Skip any pictures. Repeat the data exactly, from its first line through the line that holds "chrono trigger plaine", both included.
Content starts
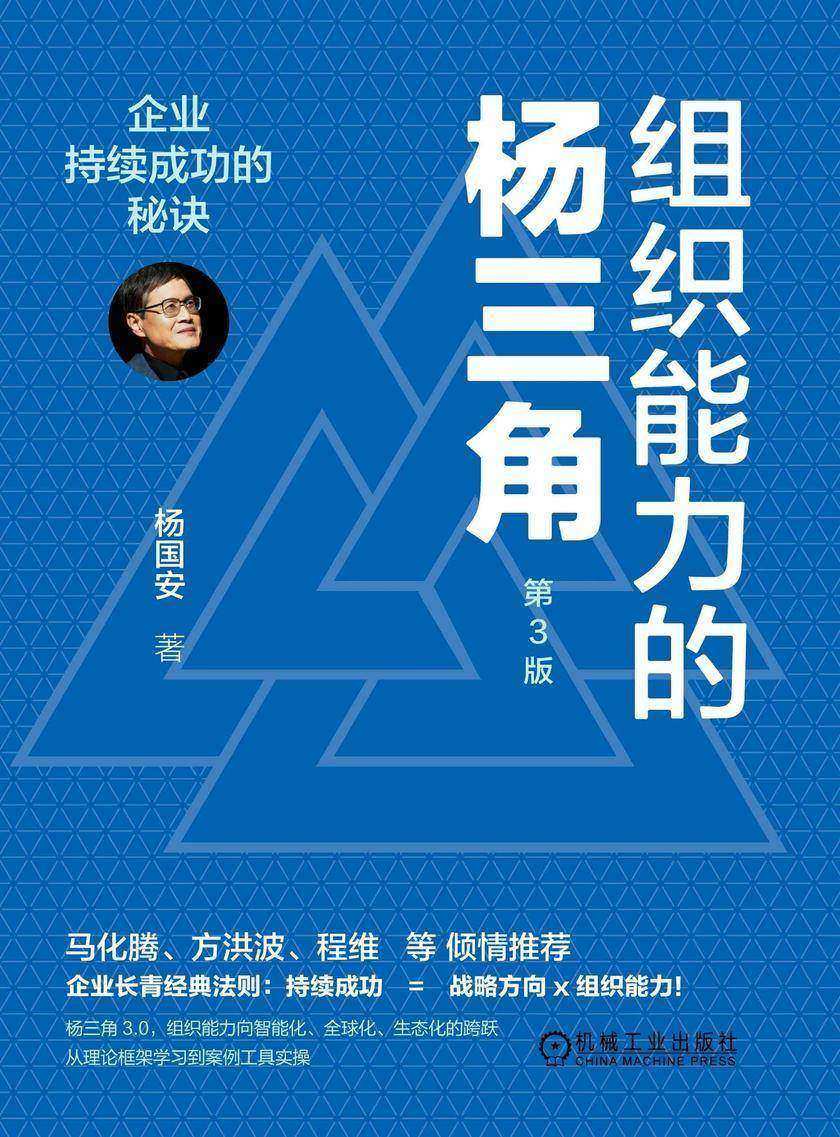 组织能力的杨三角:企业持续成功的秘诀 第3版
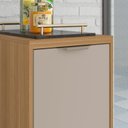 Ver imagem 6 de Balcao 400 1 Porta com Tp Colors Cinza/Freijó/Níquel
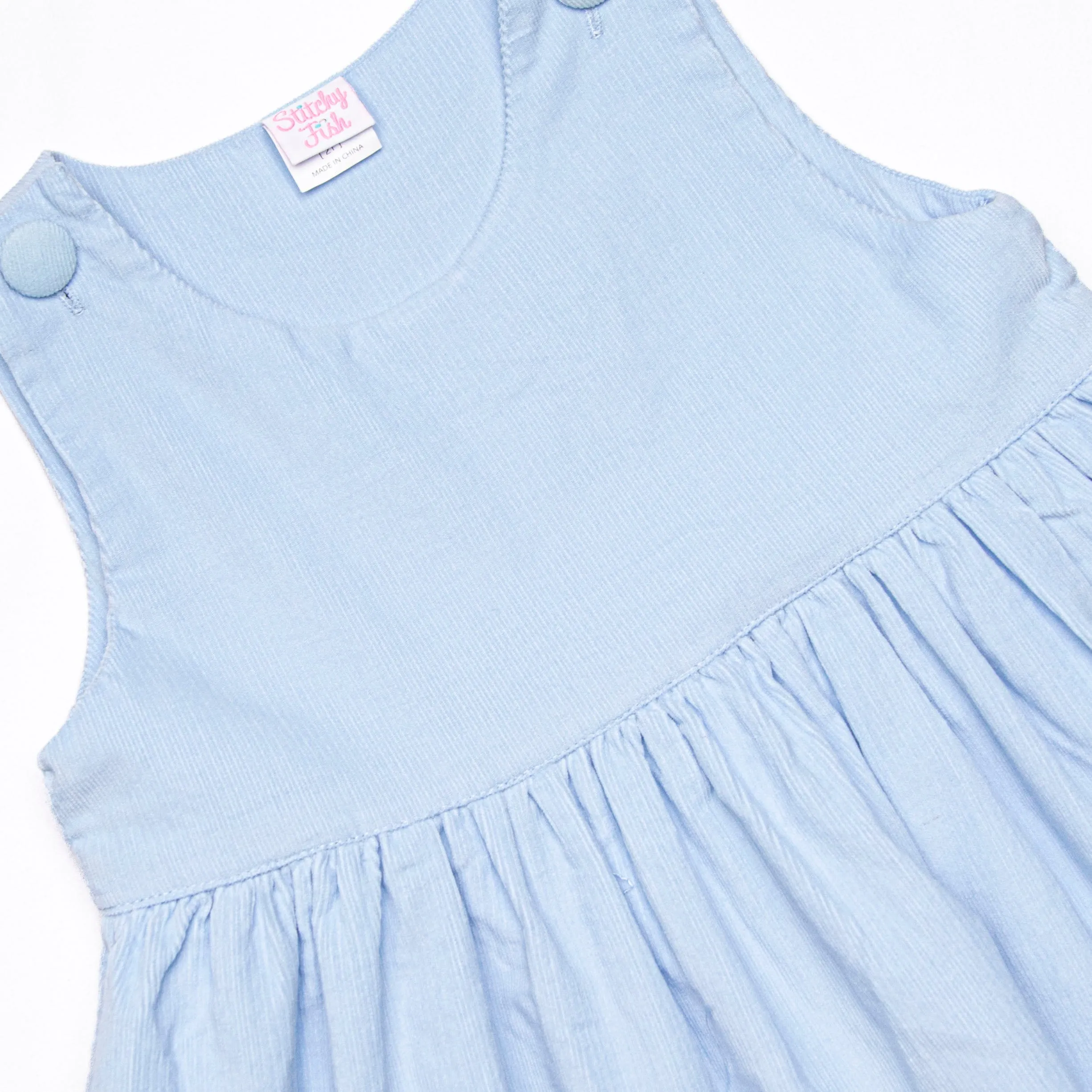 Elizabeth Dress, Blue Corduroy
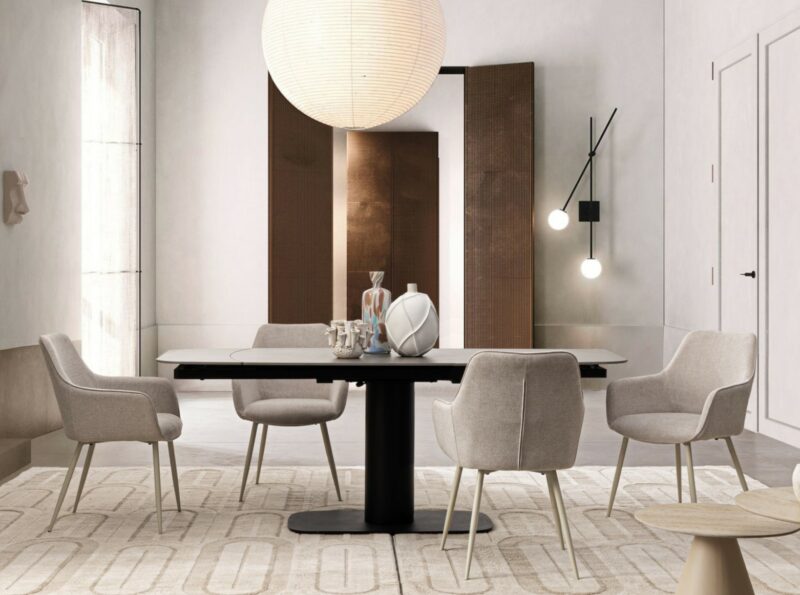 Jeremias - Mesa Extensible de 140 x 80 cm Negro - Imagen 7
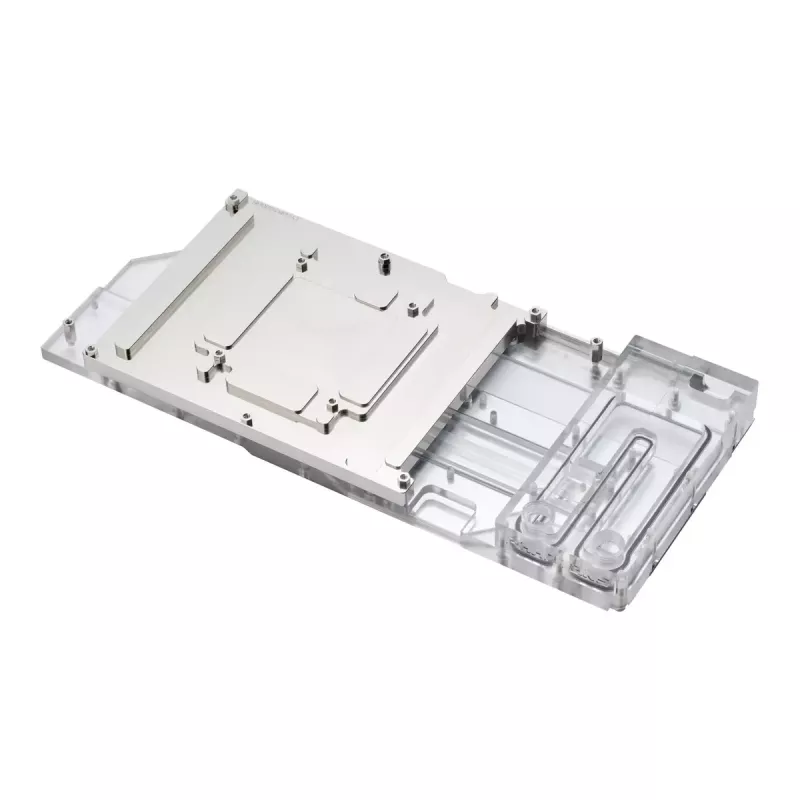 Bloco de água + backplate Phanteks Glacier G40 acrílico cobre cinzento transparente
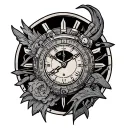 chrono trigger plaine epoch tattoo design idea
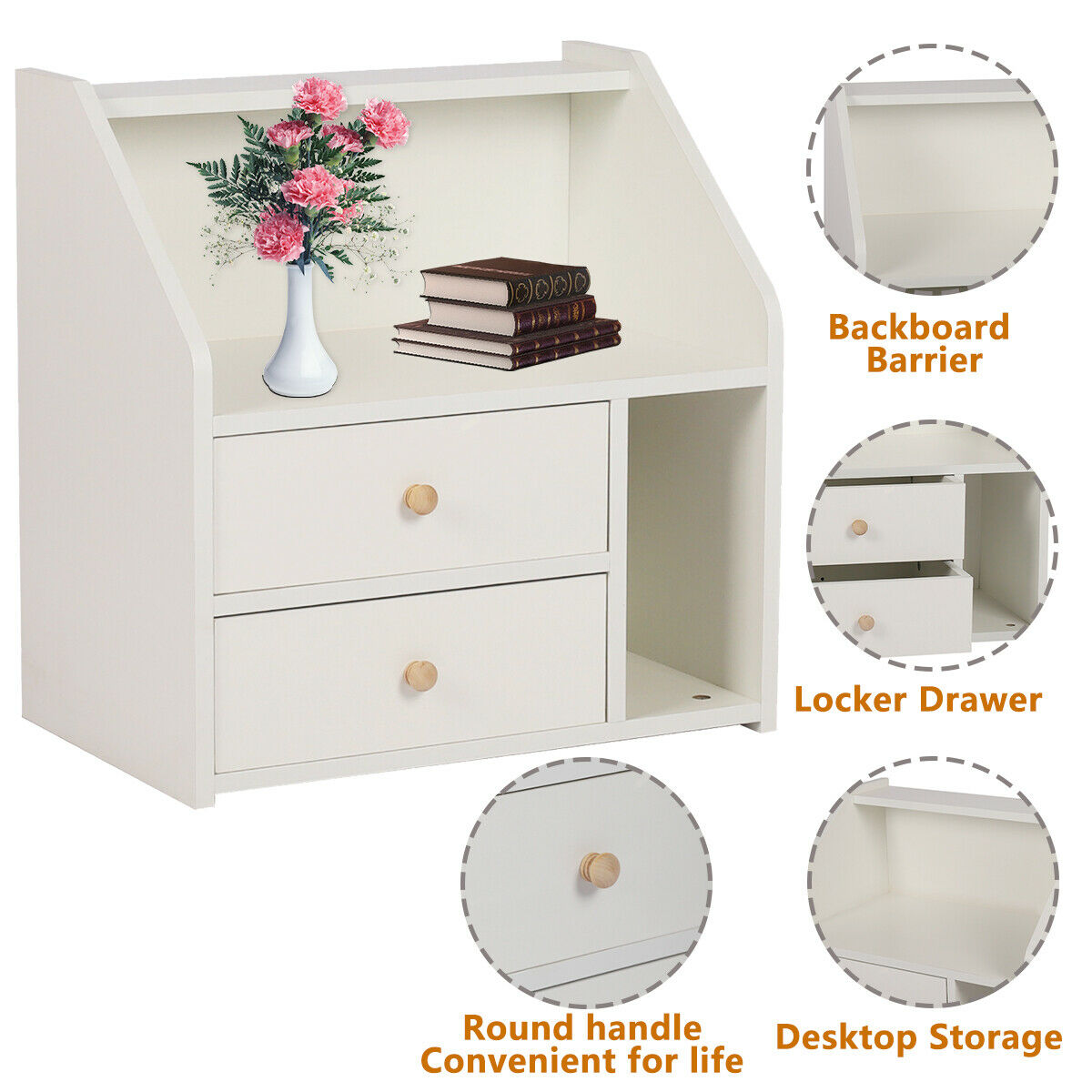 Modern Chest of Drawers Bedside Table Cabinet Nightstand 2/3 Drawers Bedroom UK
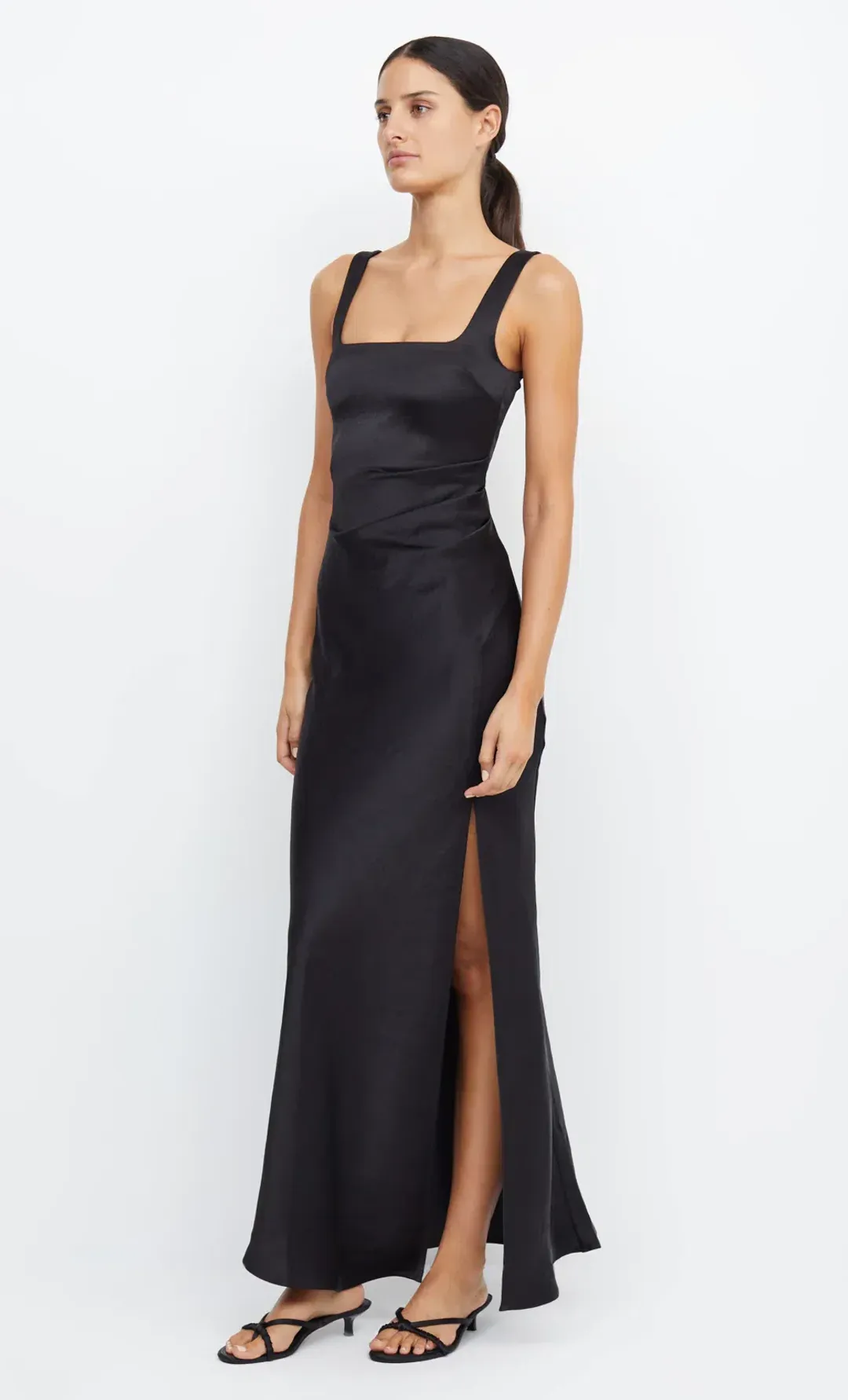 Bec & Bridge The Dreamer Square Neck Dress Black Size AU 10 for rent on The Volte - main image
Content ends
→ **ANSWER TO THIS PROBLEM**:
 组织能力的杨三角:企业持续成功的秘诀 第3版
 Ver imagem 6 de Balcao 400 1 Porta com Tp Colors Cinza/Freijó/Níquel
 Elizabeth Dress, Blue Corduroy
 Jeremias - Mesa Extensible de 140 x 80 cm Negro - Imagen 7
 Bloco de água + backplate Phanteks Glacier G40 acrílico cobre cinzento transparente
 chrono trigger plaine epoch tattoo design idea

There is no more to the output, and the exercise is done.